# P0420 code, looking for input please...



## hosic (Mar 20, 2012)

Hey guys, just looking for some help.
I have a 06 4L 4x4 and i have the CEL on with a p0420 code. I know its for bank 1 front cat or o2 sensor. 

The vehicle seems to run ok, has a slight rough idle now and also can now rear a slight hissing from drivers side engine area.

I have a scanner and read all 4 o2 sensor values. 3 out of 4 are reading .3V, the other was .6V. Does that .6 raise a flag or is that ok?

From some reading it seems the CAT is always a problem with these trucks.
What my concern is im in arizona but was told I HAVE to buy a cat thats california emission ready due to a number in my VIN. Is that true or can I get away with one thats not california ready being i dont live there?

Thanks!


----------



## jaf06se (Apr 26, 2012)

Unless you plan to move to Cali I wouldn't worry about it.
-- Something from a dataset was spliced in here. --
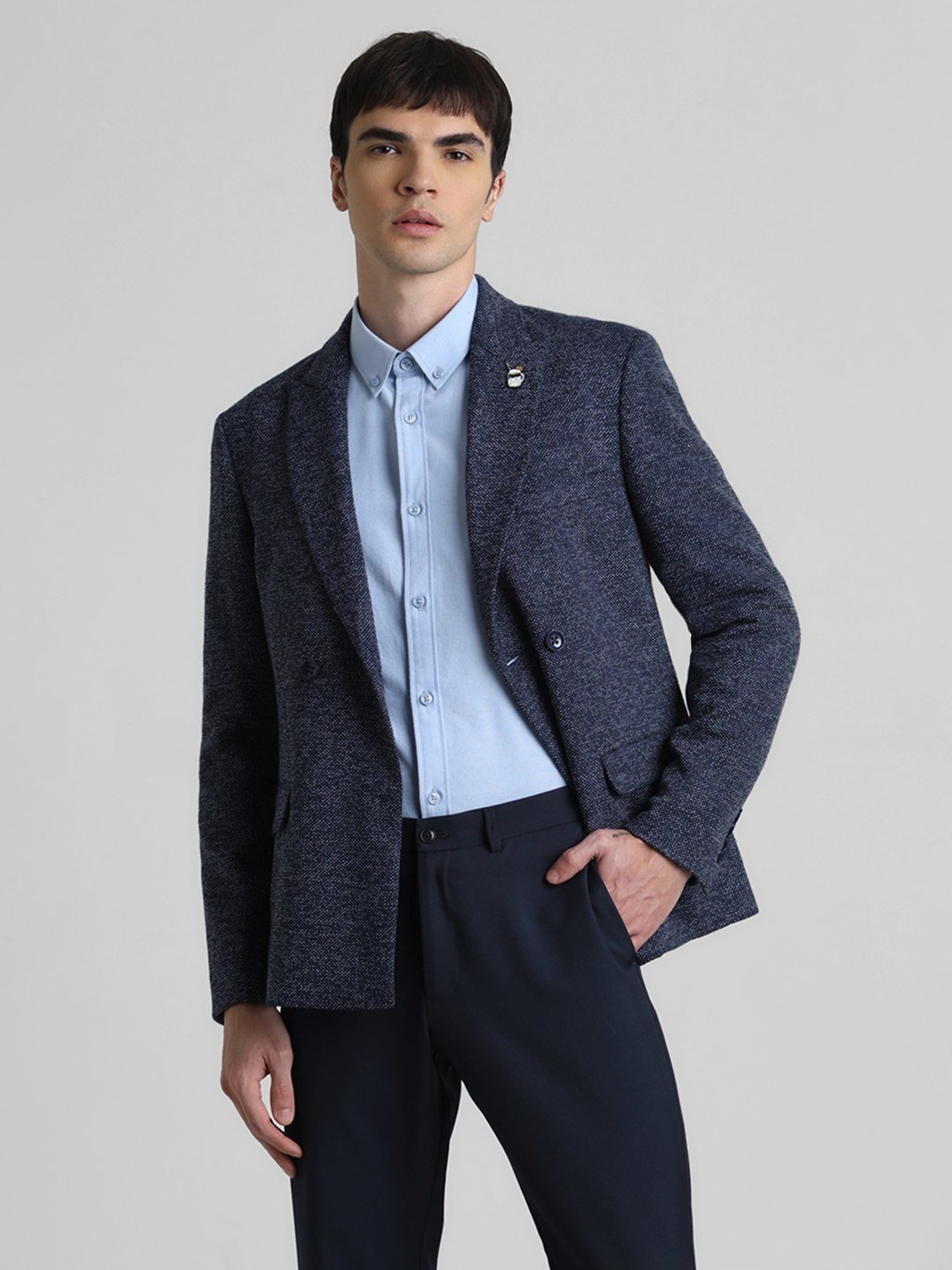 Jack & Jones Navy Blazer Slim Fit Self Pattern Blazer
Your VIN shouldn't have anything to do with an exhaust fix. Was it a stealership that told you that? Check out courtesy parts.com to order a new OEM one or go to a parts store and pick up an aftermarket one. The emission ones aren't necessary unless you have to have your truck inspected.


----------



## SPEEDO (Jun 9, 2003)

how many miles?? I am pretty sure the cat carries a 8yr/80,000 mile warranty on them...


----------



## smj999smj (Jan 1, 2006)

You'll need to go by your state's emissions regulations. In California, a catalytic converter, or almost any part replacement or modification that would affect emissions, needs to be "CARB" certified. In just about every other state, you can use any aftermarket part regardless of the emissions certification of the vehicle and regardless if the replacement part is CARB certified or not. Your DMV should be able to provide you with an answer.
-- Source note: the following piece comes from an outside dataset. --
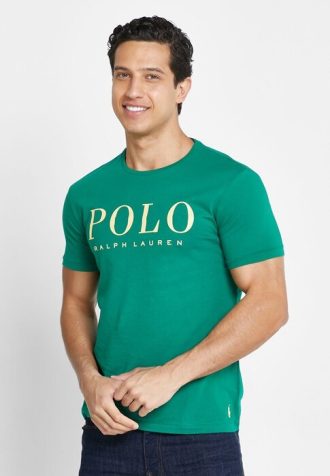 Camisetas masculinas verdes com gola redonda e logotipo Ralph Lauren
In almost every P0420/430 DTC setting I see, so long as it is without another DTC in the ECM memory, the catalytic converter is the fault. One thing you'll want to do is inspect the inlet side of the catalyst for any signs of deterioration or broken substrate or signs of oil burning. If all looks good, just replaced the catalytic converter. If there is signs of deterioration of the substrate, but no signs of oil burning, I would replace both sides if the other side is original, as well. If there are signs of oil burning, then you may have scored cylinder walls due to catalyst substrate deterioration and ingestion of the catalyst material into the cylinders. Much like the 02-04 Altima QR25DE's, there have been a few reports of R51 Pathfinders burning oil due to this, which is caused by an EGR system that uses the variable valve timing to open the exhaust valve slightly during an intake cycle to draw in inert gas from the exhaust system, rather than using a convention EGR valve system to do it. If your original catalytic converter failed because of this, then the replacement converter will eventually do the same thing unless the issue is addressed, usually meaning engine replacement or at least honing and re-ringing, not a cheap nor easy job on a VQ-series.


----------



## azrocketman (Oct 5, 2005)

hosic said:


> Hey guys, just looking for some help.
> I have a 06 4L 4x4 and i have the CEL on with a p0420 code. I know its for bank 1 front cat or o2 sensor.
> 
> The vehicle seems to run ok, has a slight rough idle now and also can now rear a slight hissing from drivers side engine area.
> ...


I would concentrate on the hissing sound first. You may have a vacuum leak that is responsible for the rough idle (and throwing a code).

Steve


----------